A BROAD AND SIMPLIFIED VIEW OF HOW SORA AI WORKS

The hype around open AIs new video generation AI called Sora is at its peak, as it should be being such a state-of-the-art model.

But do you know how it works? Well, this article will run you through how sora works from a high level. I will try to simplify the technical terminologies here as much as possible.

So basically, the user enters a prompt and the AI generate a minute long high-quality video based on that prompt’s instructions.

so first, it needs to understand the context of the prompt, then it has to generate a clip which contains everything the user mentioned in the prompt.

So, to process the prompt or the user instructions, something called "transformers" are used.

For the video generation, "diffusion models" are typically used.

Then we will see how sora uses a "diffusion transformer".


So, let's start with the transformer first:

Imagine this something like this:

In order to understand a foreign language you break it down word by word then, convert each word into your native language, and make sure to keep in mind how the words are ordered in the sentence (since same words in different order can completely change the meaning of the whole sentence) and after understanding the meaning of the sentence you repeat this order to give back a response.

That’s pretty much what a transformer is.

1.Breaks the prompt word by word or in tokens which is called tokenization. Embeddings are numerical values assigned to each word since a machine can understand numbers better. Positional encoding is done to keep track of the order of the words.

2.Transformer block: This is where the model understands the context.
    - Self attention mechanism : It is used to identify and weigh the importance of different parts of an input sequence. 
    - Feedforward neural network : It is used to predict the next words.

3.Softmax layer : coverts the raw output into a meaningful probability distribution.

Hope this gives you an idea of how the machine is able to understand and respond to user prompts.

Now let’s see what diffusion models are:

“In a diffusion model, noise is added to an image and then the model learns to denoise it to restore the original image”

Let’s take an example:

Imagine there is a person talking to you who intentionally misspells or modify some specific words while talking. Now this “mispronunciation” or “modification” can be considered as noise. Considering that the person is talking to you in a language you’re familiar with, you can easily identify where that person mispronounces or modifies and can therefore determine which word is being mispronounced /modified because you already know how the correct word is actually pronounced.

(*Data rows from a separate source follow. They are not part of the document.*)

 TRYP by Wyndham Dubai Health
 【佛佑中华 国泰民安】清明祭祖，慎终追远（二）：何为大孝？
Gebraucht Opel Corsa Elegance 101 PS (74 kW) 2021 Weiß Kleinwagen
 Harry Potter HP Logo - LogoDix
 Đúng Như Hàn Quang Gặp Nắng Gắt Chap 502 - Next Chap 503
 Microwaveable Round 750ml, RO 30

 Now how a diffusion model works: 

1. It is first trained on a set of images.

2. Noise is deliberately added to the image which in simple terms means that the image is distorted and made unclear by adding random variations or disturbances (forward diffusion process).

3. The model is then trained to denoise the image by predicting the original clean image from the noisy version. (Reverse diffusion process).








Diffusion transformer:

Training data: The diffusion transformer is pretrained on Text data, video data, annotations and metadata, aligned text-video Pair data. The model already understand the underlying structure and patterns of the images in the dataset by iteratively applying noise to them and then attempting to denoise them back to their original form.

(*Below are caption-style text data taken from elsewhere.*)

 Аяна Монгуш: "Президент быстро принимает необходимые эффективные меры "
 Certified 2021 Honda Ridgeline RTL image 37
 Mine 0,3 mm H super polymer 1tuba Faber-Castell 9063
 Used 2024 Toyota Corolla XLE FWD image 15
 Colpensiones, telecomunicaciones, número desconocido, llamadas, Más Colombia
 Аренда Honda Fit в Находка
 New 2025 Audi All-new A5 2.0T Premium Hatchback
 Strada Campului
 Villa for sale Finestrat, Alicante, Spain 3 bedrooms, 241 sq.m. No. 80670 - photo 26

Attention Mechanisms: The model utilizes self-attention mechanisms to analyze relationships between different parts of the input text and learn the context of the prompt.

Input: Images and videos are divided into small patches, which act as the model's input units. These patches are small, localized regions as you can see in the image below and the compact representation of each patch is often referred to as a patch embedding.
How are these “patch embeddings” obtained?
Answer - Using Convocational neural networks.

“For now just know that CNNs have the mechanism that can extract features from images, capturing information about shapes, textures, and patterns present in it”

So the patch embeddings are higher-level representations of image patches.



Temporal context encoding: The patch embeddings from individual frames are processed to include the information conveyed by the sequence of frames over time or how things change and evolve in a video as time progresses.

Conditional generation: The transformer generates each frame of the video sequence conditioned on the information encoded in these embeddings. This ensures that the generated video is consistent with the input text prompt and the temporal context of the video.

Iterative generation: The diffusion transformer generates each frame of the video sequence iteratively, typically one pixel at a time or one patch at a time. At each step, the model predicts the next pixel or patch based on the conditioning signal (text embeddings) and the context learned from previous pixels or patches.

Sampling and refinement: The generated frames are refined over multiple iterations to improve the quality of the video and make it look more realistic. This step of refining the video is benefitted by the compute power, the more the compute power, the better the quality of the image or video generated.


Conclusion:

 
By using the information from the prompt and the structure of images learned during training, the diffusion transformer can generate images and videos from scratch that align with the semantics specified in the prompt.